Bill 72-35 abolishes the 11-member Public Guardian Review Board and replace it with the Working Interdisciplinary Networks of Guardianship Stakeholders or WINGS, within the Judiciary of Guam.
As part of the Office of the Public Guardian (OPG), the review board was established to consistently monitor appointed guardians. The body’s only mandatory duty was to review the care and protection of those under guardianship by the public guardian every six months.
WINGS is a court-community partnership designed to bring together stakeholders from public and private entities in the guardianship system to work directly with the OPG and the Judiciary to improve the island’s services and processes.

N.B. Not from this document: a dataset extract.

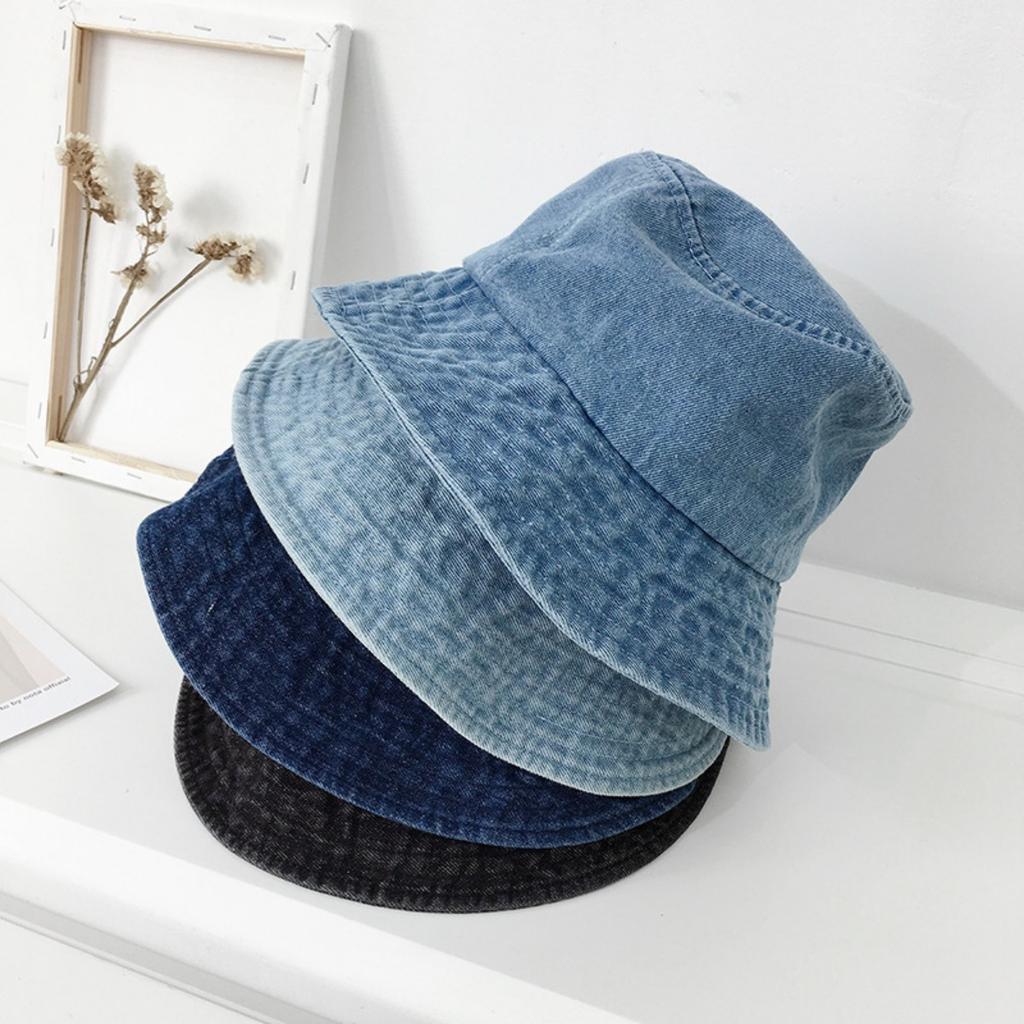 Корейская версия широкополой ковбойской шляпы рыбака для мужчин и женщин, тонкая секция Ins японская солнцезащитная шляпа Shade Face Sunscreen Basin Hat Tide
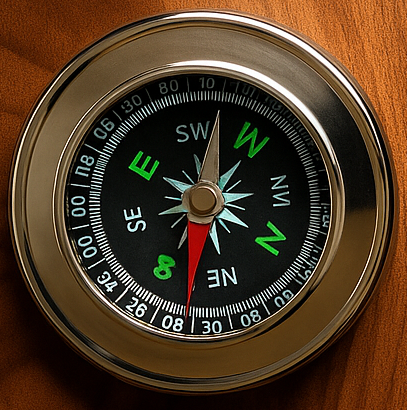 Compass With BSG Logo Engraved Compass With BSG Logo Engraved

Bill 73-35, the second legislation introduced by Shelton, change the size of the Guam Council on Senior Citizens from 17 members to 9 members, requiring only 5 for a quorum.
The body works with the Division of Senior Citizens in the Department of Public Health and Social Services to coordinate programs, activities and services for the elderly. The council also acts as the Senior Citizens Housing Board that plans and approves elder housing.
The 2018 Transitory Advisory Committee’s Subcommittee on Boards, Commissions and Governance, lead by Attorney Anita P. Arriola found that there are 112 boards, commissions and councils in Guam law, with 945 statutorily required members for all boards.
The subcommittee found that “the sheer number of boards and commissions is overwhelming.”
A key component of the advisory committee’s findings was to prioritize and streamline government and make it more efficient and eliminate unnecessary waste, red tape, and bureaucracy.
The subcommittee found that several boards and commissions lacked members or the ability to make a quorum. The usefulness of some of the bodies was also questioned by the committee.